Техника только служит для того, чтобы понимать музыку. Бывает, что вы слушаете какого-нибудь молодого музыканта, и вы знаете музыку, которую он исполняет, но у вас чувство, будто вы только переворачиваете страницу, на которой написано много-много знаков. И никакой музыки! Только переворачиваются страницы!

Надо слушать звук. Только тогда и возникает музыка, только тогда можно что-то донести слушателю. В большой музыке написано много нот, но когда ты ее начинаешь исполнять, выясняется, что все обозначения - это иллюзия. Скажем, когда музыка говорит "пианиссимо" - это не значит, что надо играть пианиссимо. Должна возникать иллюзия пианиссимо. Должен быть звук. Вы должны оказаться как бы внутри этого звука. Надо вытащить звук из клавиатуры и создавать из него музыку. Четыре композитора лучше всего понимали фортепиано - Бетховен, Шопен, Лист и Антон Рубинштейн. И все они говорили о том же.

ЗАХВАТ ЗАЛА.

Когда вы садитесь за рояль, вы сразу приглашаете, ведете публику за собой. Вы должны захватить зал.
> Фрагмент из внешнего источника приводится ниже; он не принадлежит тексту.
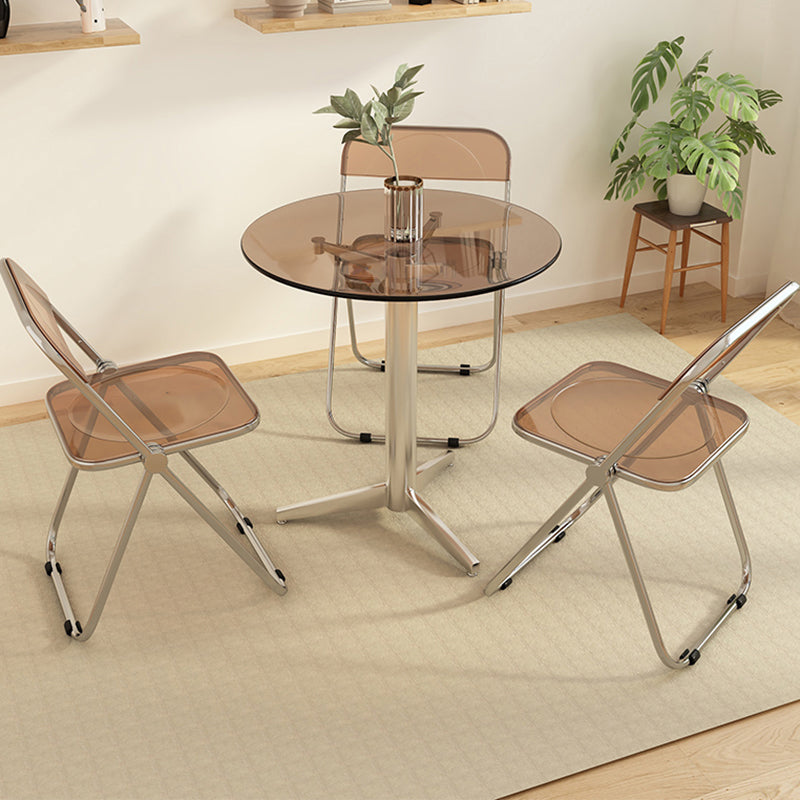 Modern Glass Desktop Geometric Dining Table Metal Base for Dining Room Clearhalo 'Dining Tables & Seating' 'Dining Tables' 'dining_table' 'furn' 'furn_dining_table' 'Furniture' 'Kitchen & Dining Furniture' 7519589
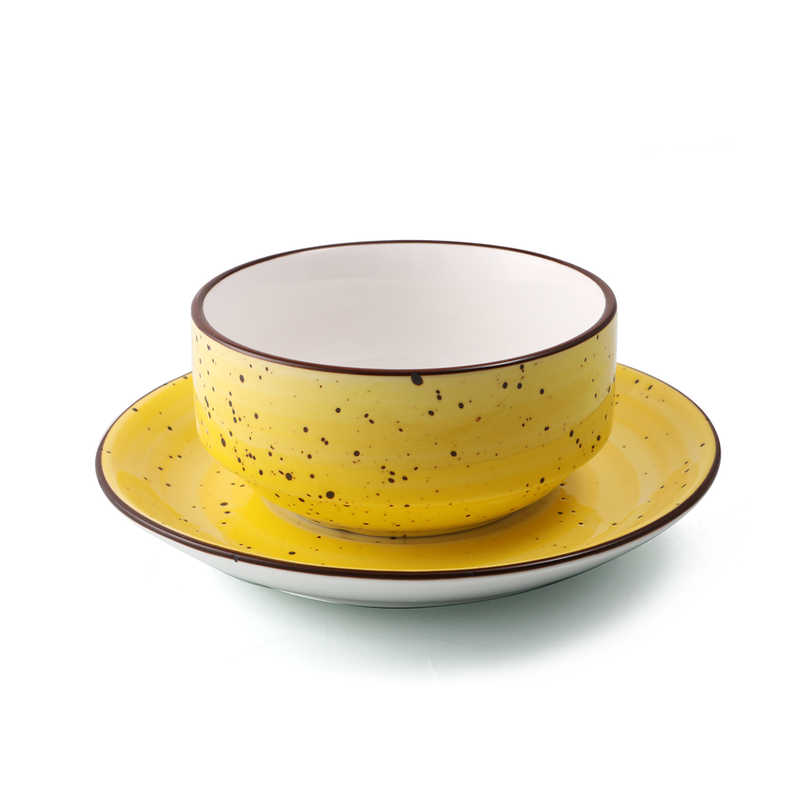 Porceletta Color Glaze Porcelain Soup Cup & Saucer 220 ml - Al Makaan Store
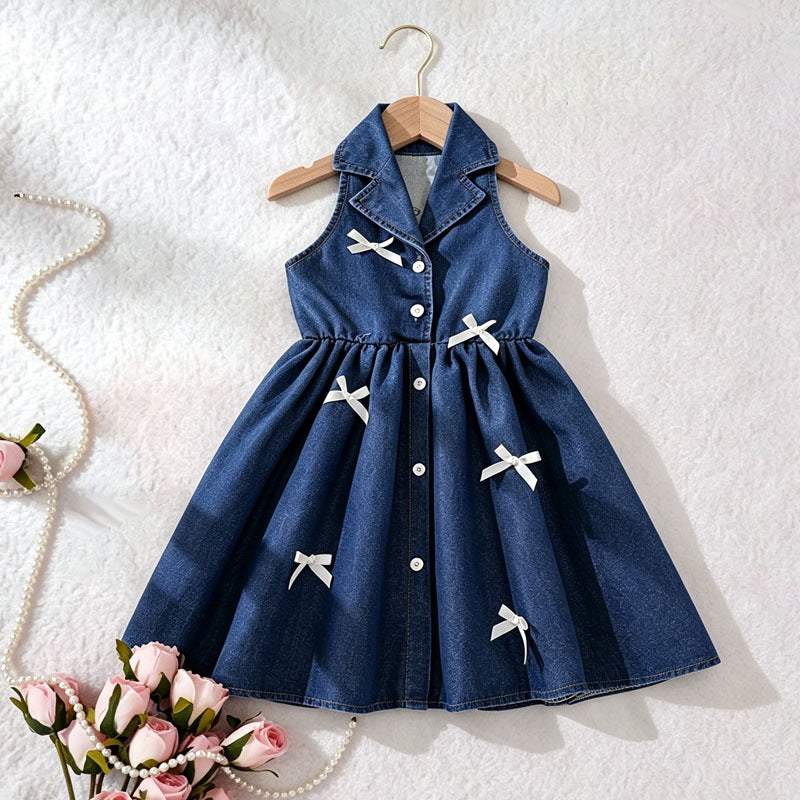 Ensemble de robes Denim Lapel-Style pour filles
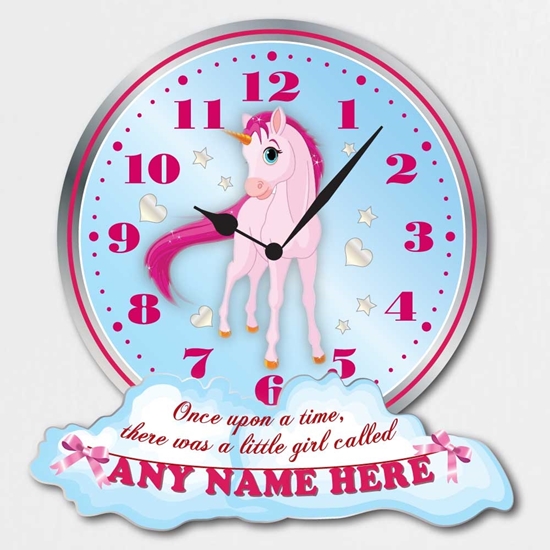 Picture of Unicorn Personalised Girls Bedroom Clock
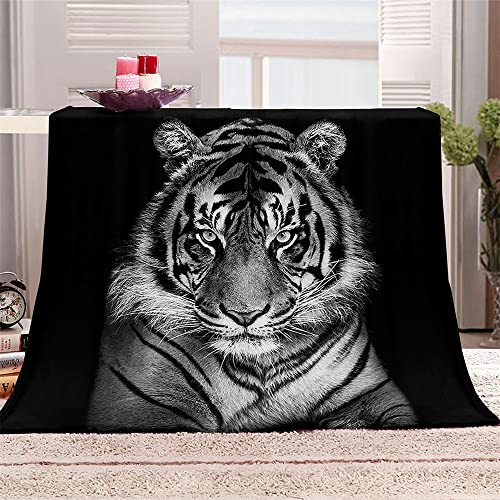 FANSU Kuscheldecke Flauschig Flanell Decke, 3D Drucken Microfaser Weich Warm Plüsch Fleecedecke Sofadecke Couchdecke Wohndecke Bettdecke Tagesdecke (Schwarzer Tiger,180x200cm)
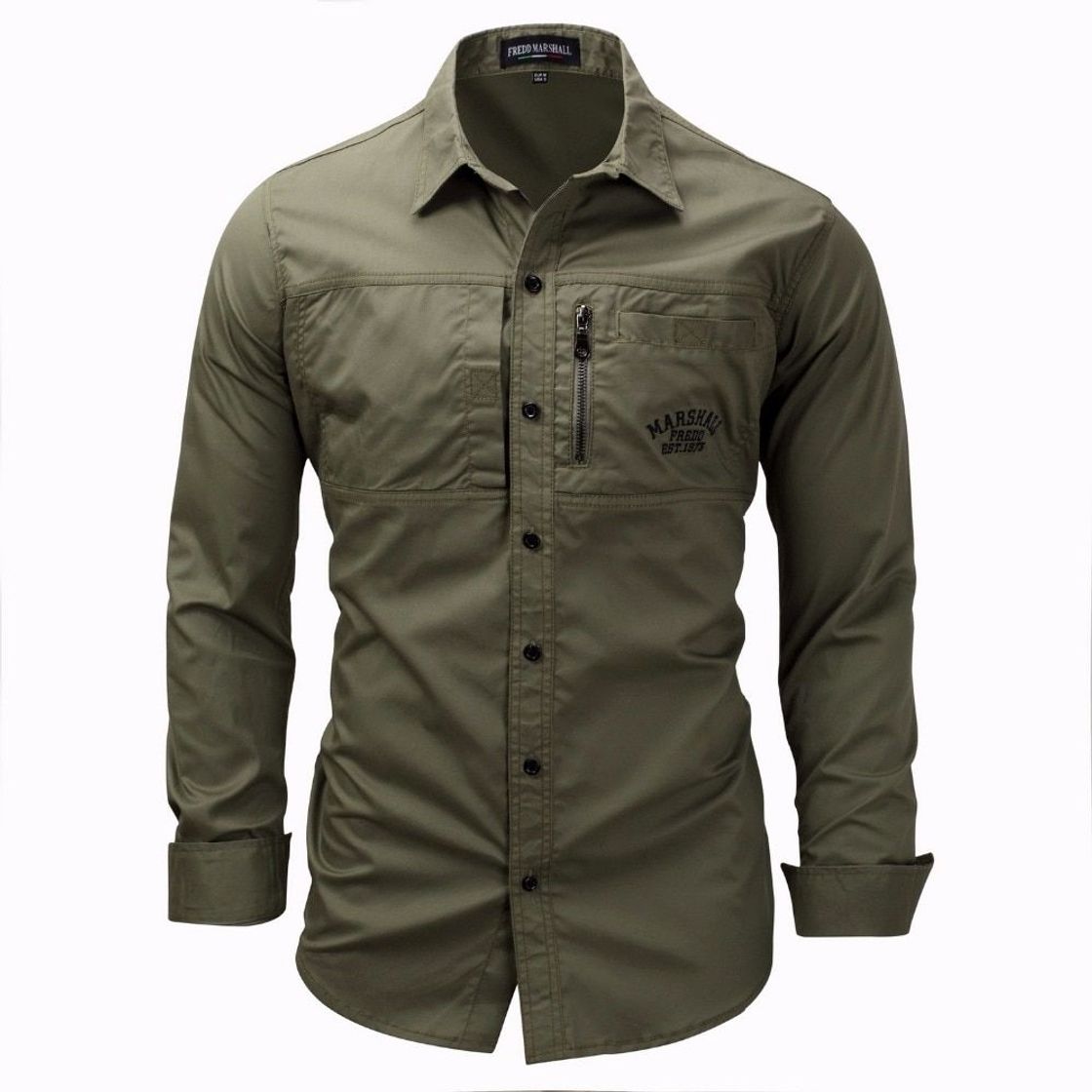 Product Coofandy Camisa Hombre Manga Larga Shirt for Men Invierno Modelo Verde L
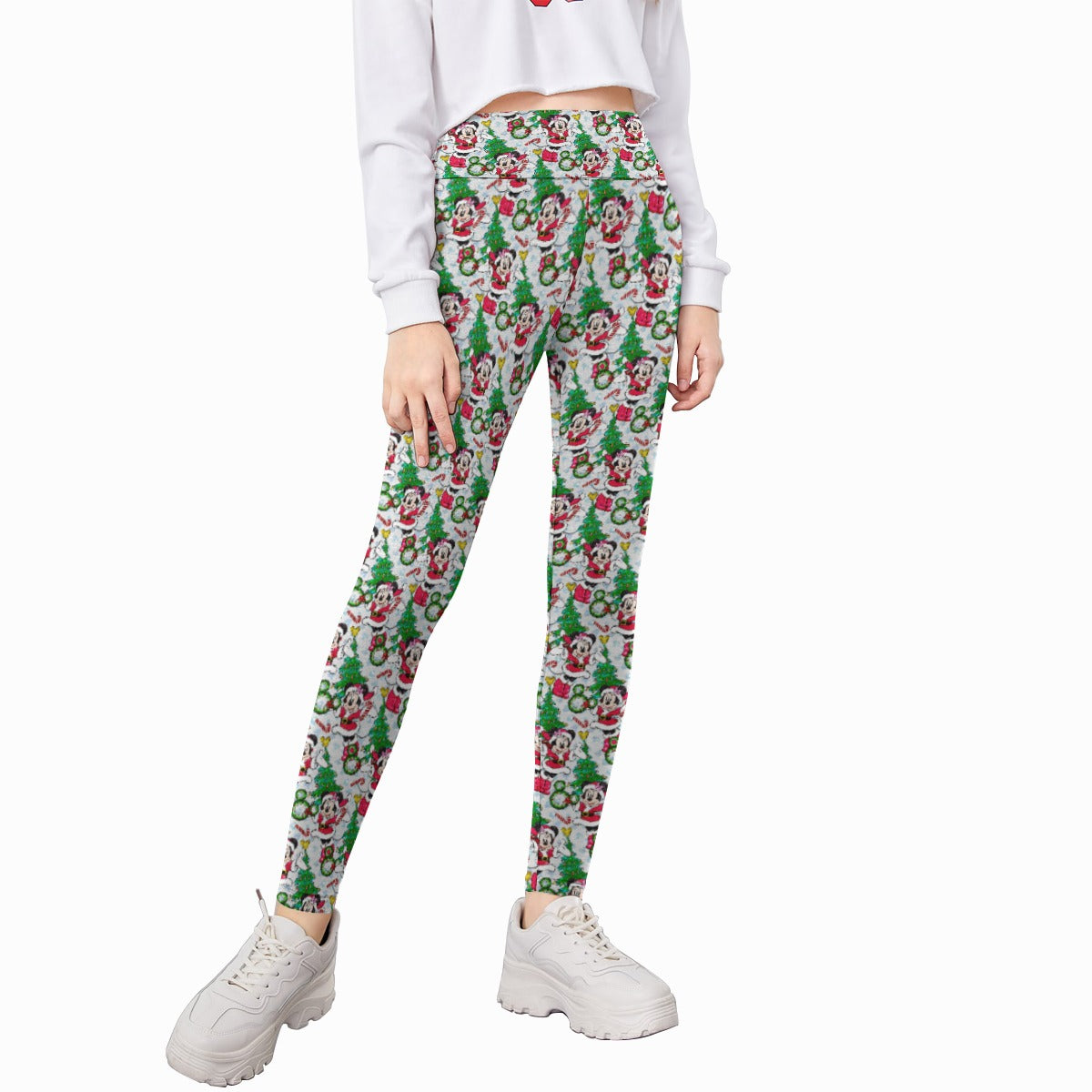 Santa Mouse with Sparkle - Kid's Leggings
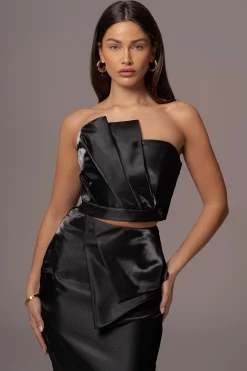 Black Reception Pleated Midi Skirt*JLUXLABEL Outlet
Мне нравится, конечно, когда публика аплодирует, но я кланяюсь, а про себя думаю: "А во второй части я что-то не то сделал". И кланяюсь-кланяюсь. Я никогда не бываю счастлив.

О ПРЕКРАСНОМ.

Во всем мире все меняется. Изменился трафик - кругом машины. Это совсем другой мир. Но фундаментальная культура не изменилась, и она несет в себе прекрасное.

О классической музыке не надо беспокоиться. Она никогда не погибнет. У каждого человека в этой жизни есть проблемы. Но когда вы приходите на концерт, играете сами или слушаете, все плохое из вашего сознания уходит.